David Brooks in The New York Times:

"I’m totally confused about what the political impact of Stewart-stock and Colbert-palooza will be. On the one hand, watching their shows I get the impression they are generally mainstream liberals. On the other hand I do think their shows are unintentionally conservative. Just as the show '60 Minutes' sends the collective message that political institutions are corrupt, so the Comedy Central shows send the message that politicians are buffoons. Both messages undermine faith in political action and public sector endeavor and so cut right against the intentions of their founders."

The only time I've admired either of these guys was during Colbert's speech at the White House correspondent's dinner... but even then, it's hard to accept that some political project exists behind the irony.

Saturday, October 23, 2010

This guy is wrong. Drunk driving laws create a climate of fear that prevents people from driving drunk. I'd rather live in a world with clearly defined limits (like .08) than in constant fear that my driving is too "erratic" in the eyes of a random police officer.

I especially liked this line: "Bill Lewis, head of the Texas chapter of Mothers Against Drunk Driving, agreed."

Bill Lewis must appreciate the rhetorical value of "Mothers."

Yesterday I read a couple of chapters from Martha Nussbaum's Poetic Justice.

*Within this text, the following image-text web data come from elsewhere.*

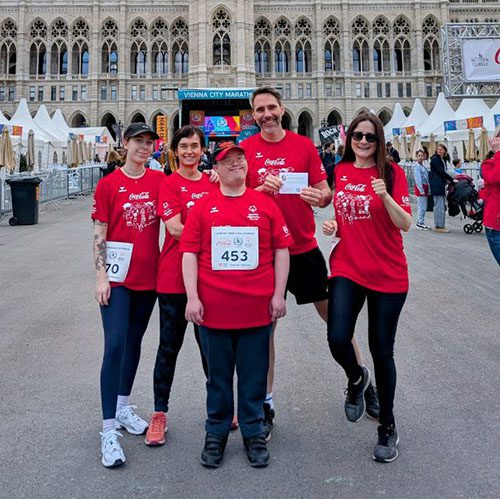 Künstler David Cheng in der Mitte, rechts und links von ihm stehen VOI fesch Mitarbeiter*innen, alle fünf Personen tragen das Coca-Cola Shirt für den Inclusion Run mit dem VOI fesch Design des Künstlers David Cheng, im Hintergrund sind Menschen am Rathausplatz zu sehen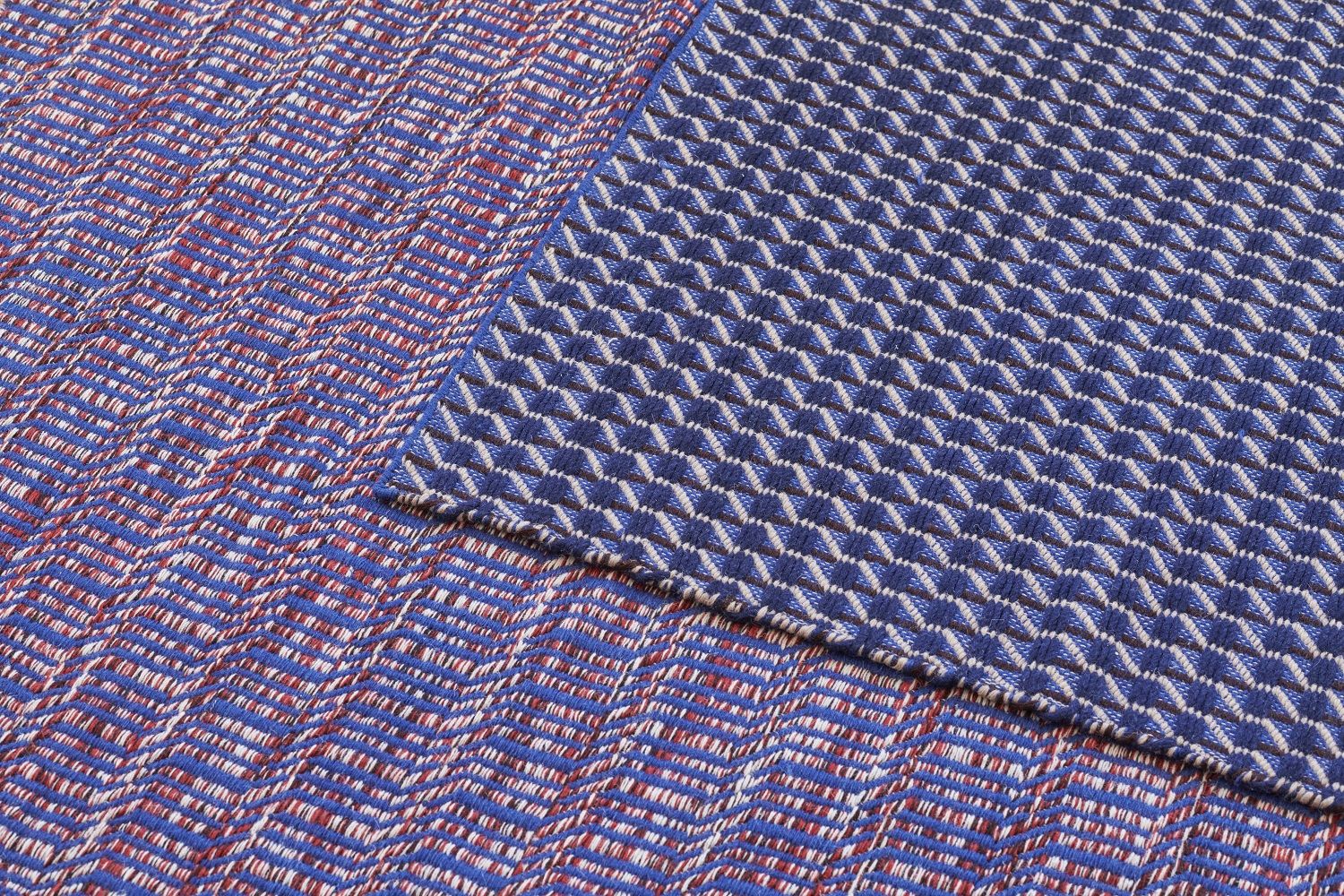 Detailaufnahme des Channel Rug Teppichs von Hay in Blau-Weiß mit geometrischen Mustern und Textur.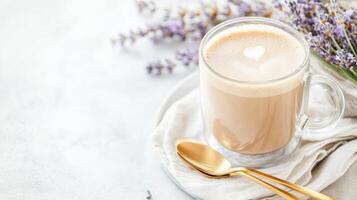 Savor herbal coffee with lavender syrup served in a transparent mug on an elegant table photo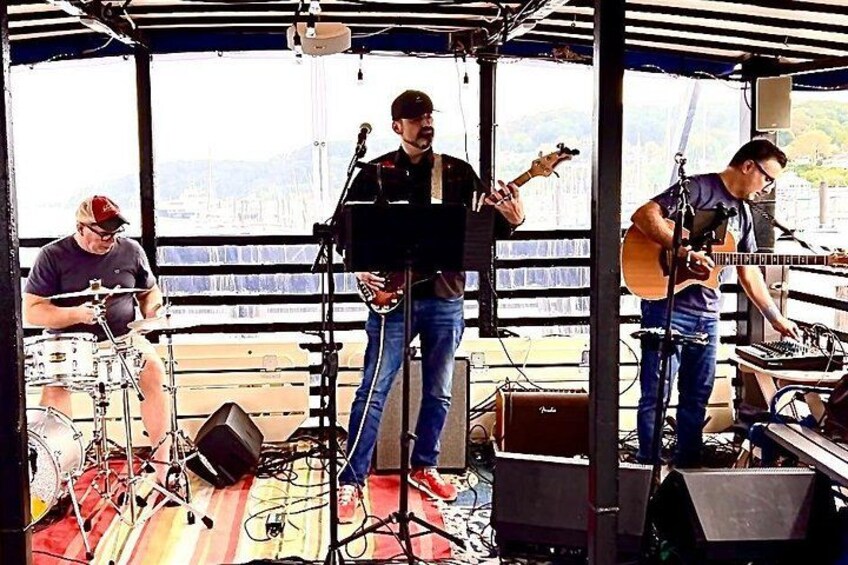 Ett band spelar på en båt med en stadsbild i bakgrunden. 4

I’m not sure I agree with Nussbaum’s claim that literature’s ability, through “identification and emotional reaction,” to “cut through [one's] self-protective strategems” ought to be “palatable” or “pleasurable” (6).

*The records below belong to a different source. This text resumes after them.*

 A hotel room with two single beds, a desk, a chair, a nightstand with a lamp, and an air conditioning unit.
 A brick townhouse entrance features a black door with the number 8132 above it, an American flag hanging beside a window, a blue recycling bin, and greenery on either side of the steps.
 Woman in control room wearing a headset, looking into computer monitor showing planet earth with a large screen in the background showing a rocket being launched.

For me, a good book or film is a harrowing, painful experience. Indeed, if a “novel constructs a paradigm of a style of ethical reasoning” that generates “potentially universalizable concrete prescriptions,” it cannot function as mere entertainment; it needs to break down its reader and inflict the pain of a new awareness, like an ethical boot camp (8).

A poetic kind of justice must punish readers if it is to have any motivational efficacy; otherwise, isn’t Nussbaum talking about something as brief, flighty, and forgettable as so many bad poems?

This argument reminds me of film historian Scott MacDonald's discussion of a political kind of spectatorship. MacDonald talks about a way of watching challenging, often boring, critical/avant-garde films (Adventures in Perception, 2009). The films he mentions are only political if the audience informally challenges each other to experience something new; sticking it out in the theater, talking about it afterward, but most importantly of all, paying attention. Few watch these kinds of films, especially because the escapism of Netflix is so much easier. Poetic justice in the cinema, therefore, remains a distant hope (especially if you ask Ray Carney about it).